NCGWS and IBS are two clinical entities that are often difficult to distinguish. IBS, which has been defined as a “disorder of gut-brain interaction” [53], is diagnosed relying on the “Rome IV criteria” [54], and it is often responsive to many dietary exclusions, such as FODMAPs. Indeed, the avoidance of FODMAP-rich foods significantly reduces bloating and abdominal pain compared to a standard diet [55,56]. Gastrointestinal symptoms, related to the overdistention of the intestinal lumen, are often common in both NCGWS and IBS patients. Wheat contains fructans in variable percentages (ranging from 1.5% in with flour to 3.7% in barn) [57,58], and it is therefore excluded in the low-FODMAP diet. However, the fructan content is variable, as it depends on the preparation and the specific recipe of the products. For this reason, affirming that GF products are always lower in their fructan content may be inaccurate [59]. Usually, NCGWS patients can clearly point out gluten as being responsible for their symptomatology, whereas IBS patients cannot identify a single dietary compound that is causally related with their disorders [59]. Yet, in a comparative study carried out in the UK, 20% of patients with self-reported NCGWS fulfill IBS Rome III criteria, concluding that NCGWS and IBS are often associated conditions [60]. The presence of extraintestinal symptoms in NCGWS is a distinctive feature. Manifestations such as fatigue, skin rashes, and joint and muscle pain are shortly relieved after gluten avoidance. Furthermore, half of NCGWS patients test positive for IgG antigliadin antibodies, which disappear quickly after GFD [61].

7. Fibromyalgia

Fibromyalgia (FM) is a rheumatologic condition characterized by chronic pain, fatigue, sleep mood disturbances, and cognitive impairment. FM affects up to 3% of the American population, with a female-to-male ratio of 2:1. Its management and diagnosis is often challenging for both patients and physicians, resulting in a poor QoL [62]. Despite there being no reference regarding diet therapy in the most recent EULAR guidelines (2016), a review by Aman et al. [63] analyzes different nonpharmacological therapeutic options used by FM patients, including GFD. The rationale behind the adherence to a gluten-free regimen is that there is often an overlap of gastrointestinal symptoms in FM and gluten-related disorders.
Different studies evaluated the relationship between GFD and the improvement of FM symptoms and FM with regard to QoL (Table 1). Rodrigo et al. [64] registered a slight but significant improvement in FM and IBS symptoms in a subgroup of patients with duodenal intraepithelial lymphocytosis. On the other side, Slim et al. [65] found no difference when comparing a GFD approach to a hypocaloric diet in terms of improvement of gastrointestinal symptomatology; nevertheless, these approaches are both well-tolerated. GFD might be beneficial only in a subset of FM patients, specifically with intraepithelial lymphocytosis [66]. We underline that extraintestinal symptoms of NCGWS include FM-like symptoms.

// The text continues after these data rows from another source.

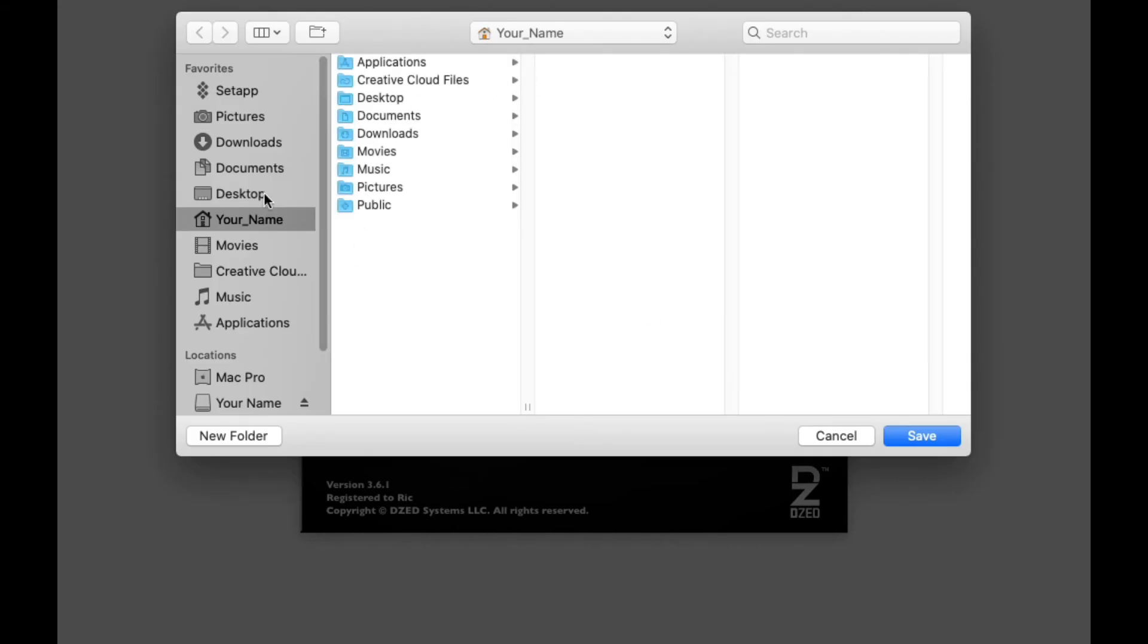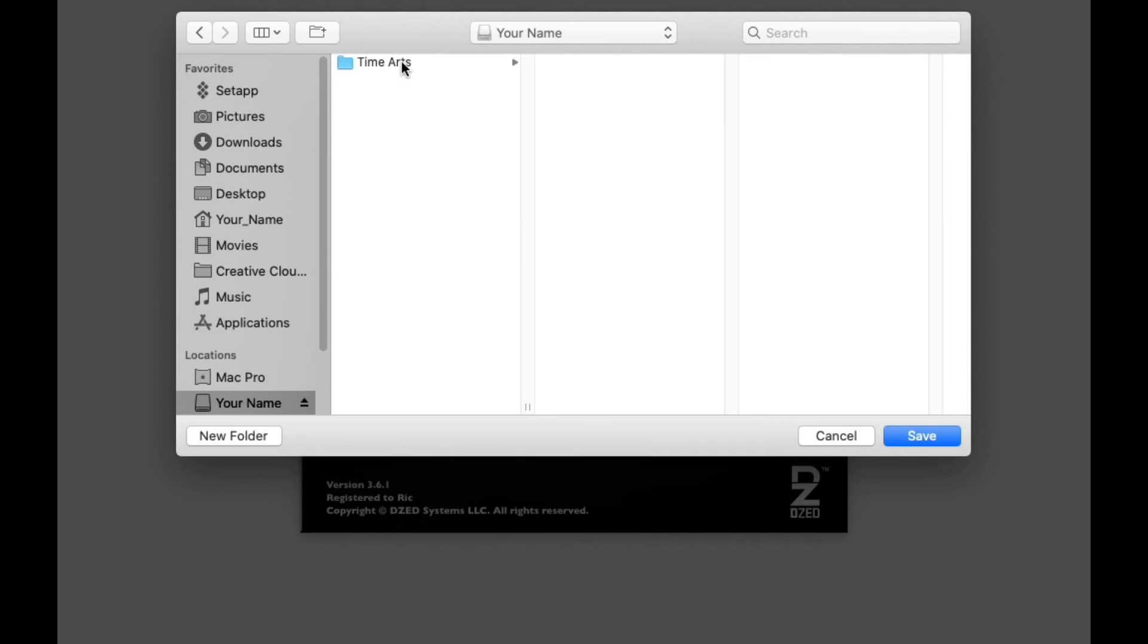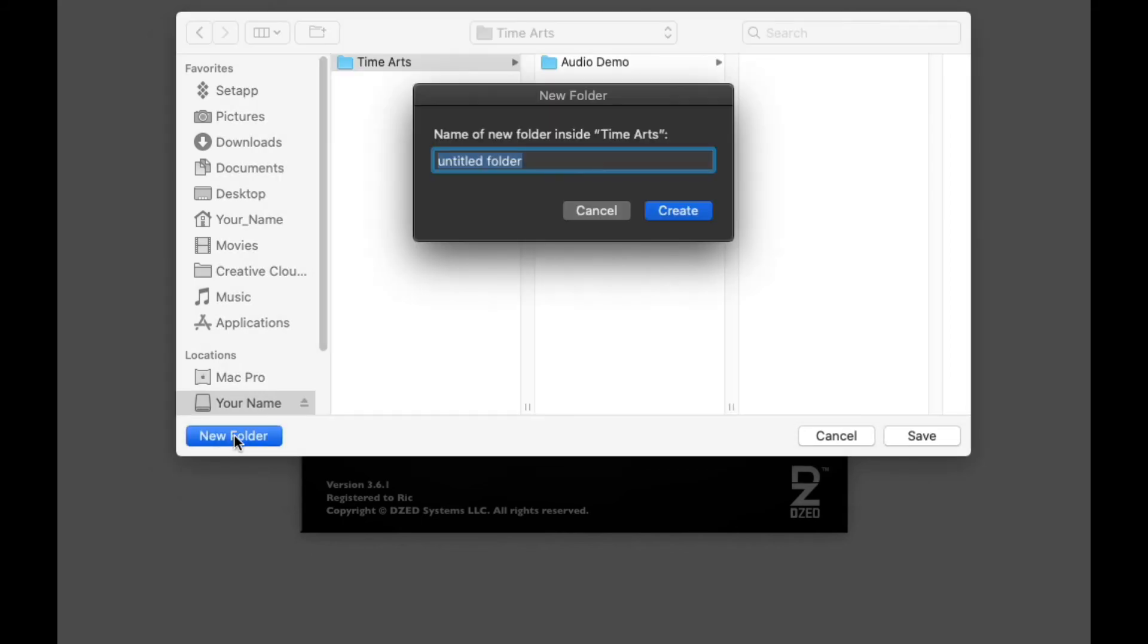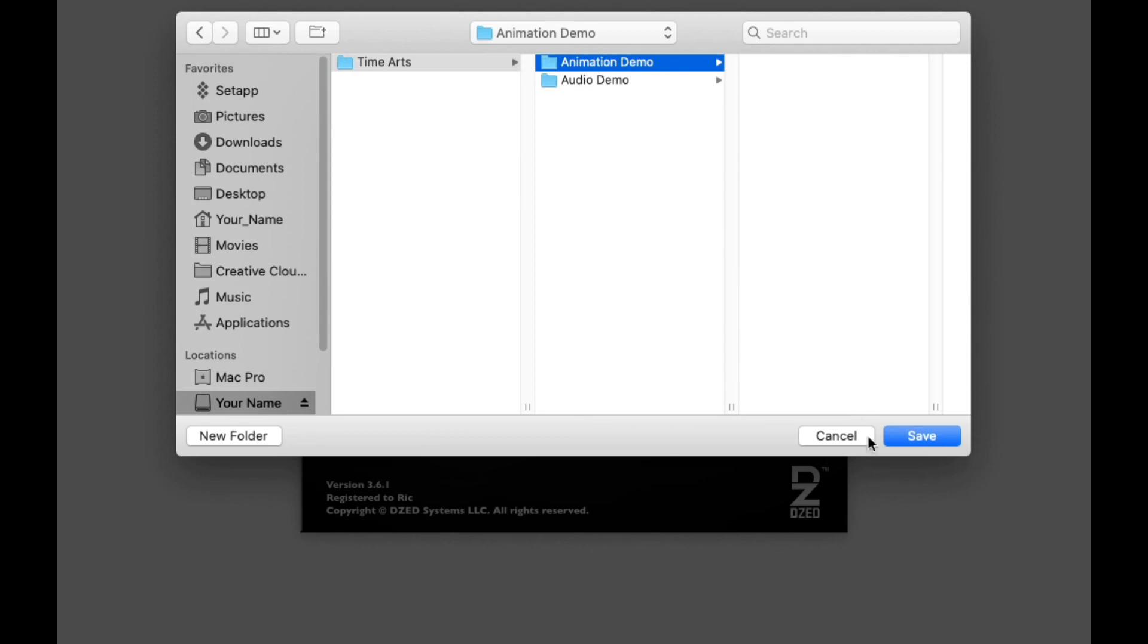And then it's going to ask where to set it. I'm going to set it on my external drive in Time Arts, and I'm going to create a new folder. Calling this one animation demo, but just make sure you give it a good name. And then hit save.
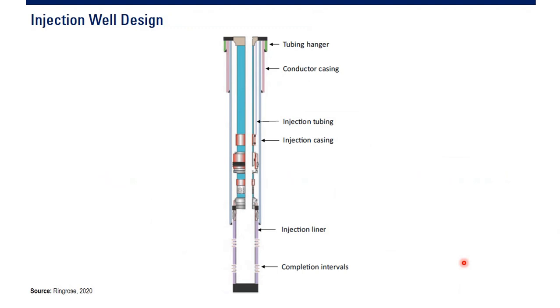This is a typical injection well. It's not very special. It's basic, typical well. You, of course, have a Christmas tree.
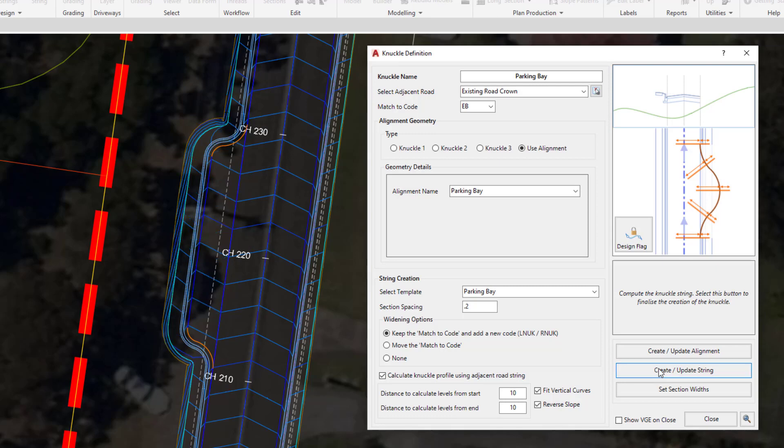Now we're going to have a quick look at the vertical design. Click on show VGEON, close down the bottom of the form, and then click close.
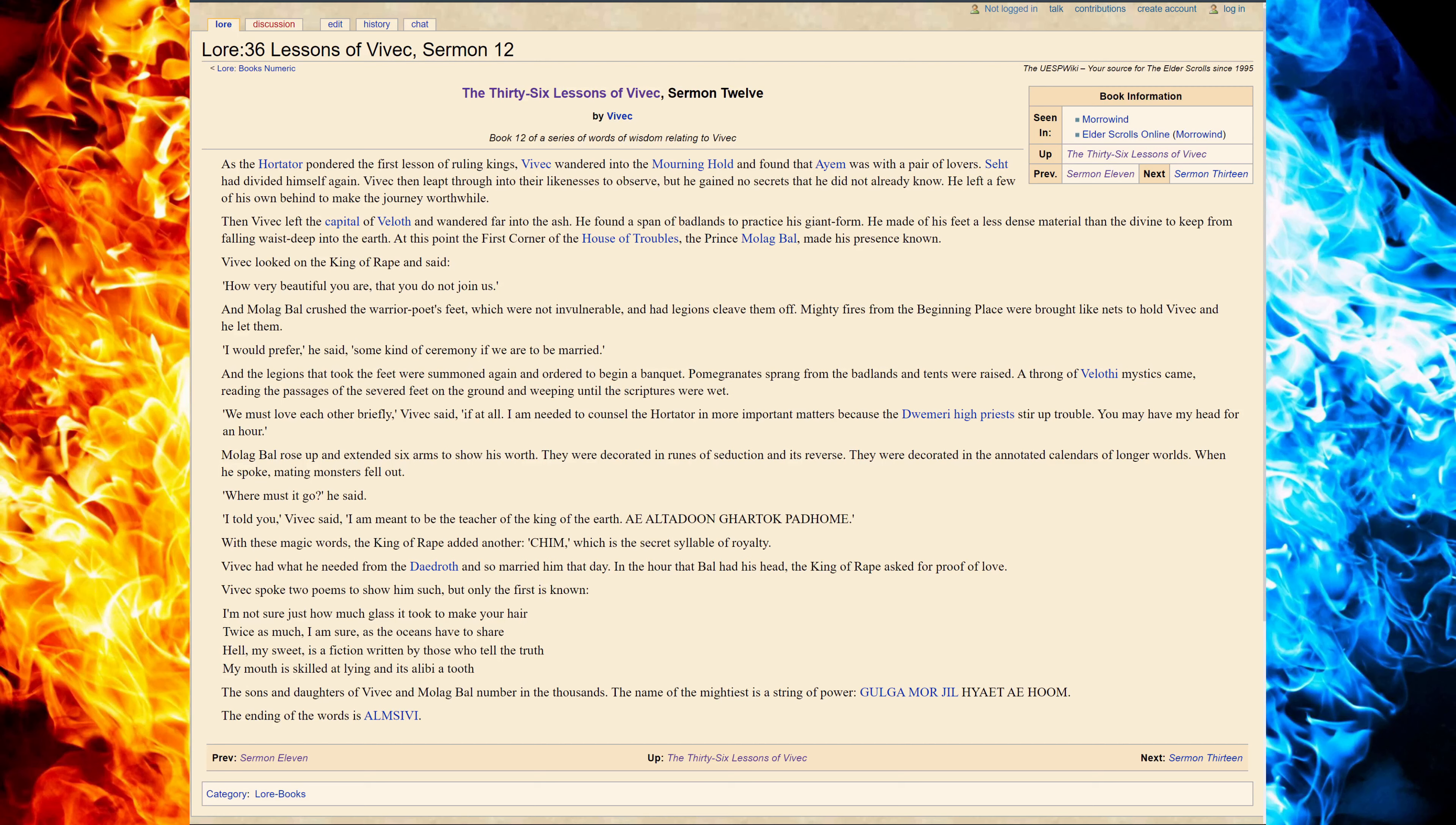As the Hortator pondered the first lesson of the ruling kings, Vivec wandered into Mournhold and found arm with a pair of lovers. Set had divided himself again.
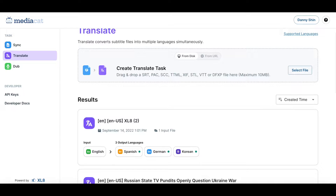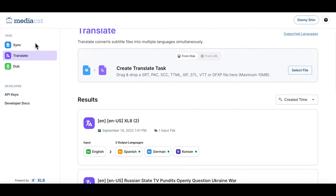Hello. Now that we have created a new accurate subtitle file, let's reach out to a wider audience by translating this subtitle into different languages. There are two ways to start the translation process. You can start from scratch by going to the translation section here on the left side menu, or you can translate the subtitle file you have created in the sync task by clicking on the proceed to translate button from the task details page.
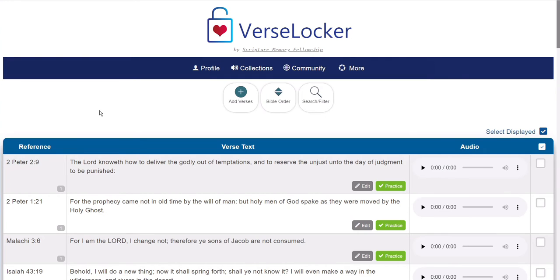But before I get into the new feature, I wanted to remind all of you of an older feature, but one that's still among my very favorites, and that is the ability to download custom sets of memory verses.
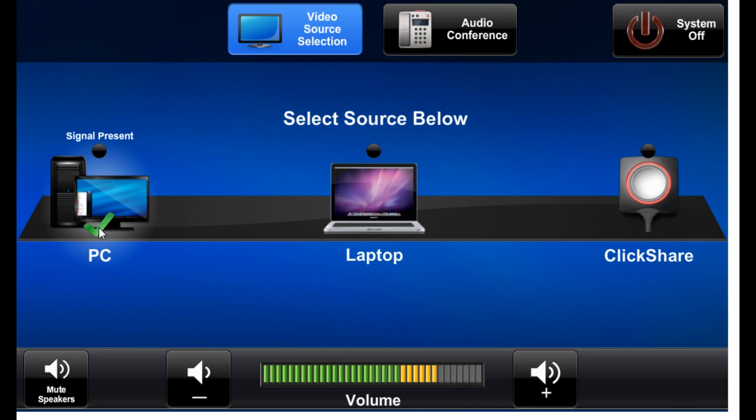Choosing it in this way or by pushing any of the source buttons will automatically start the projector and route audio. I want to point out the signal present indicators. These light up green if the signal in question or the source in question is connected.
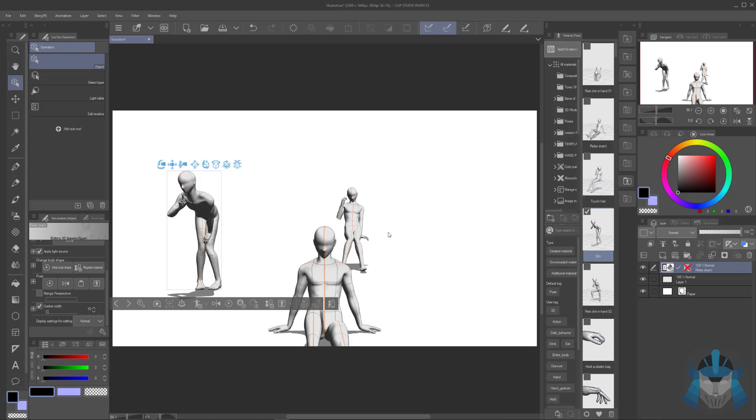The other issue I'm having with Clip Studio Paint that I haven't figured out yet is on my MacBook and Cintiq. Clip Studio Paint opens with all the windows in separate spots all over the place. I don't know how to fix that.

Overall, this evidence suggests a cautious approach when proposing GFD indiscriminately to FM patients [67]; nonetheless, gluten avoidance might be beneficial in a subset of patients, whether they are NCGWS with FM-like symptoms or FM with an increased intraepithelial lymphocyte count. More studies specifically involving a gluten challenge might be decisive for a better understanding of this phenomenon.
Table 1. Experimental design studies relating fibromyalgia and gluten-free diet.
Table 1. Experimental design studies relating fibromyalgia and gluten-free diet.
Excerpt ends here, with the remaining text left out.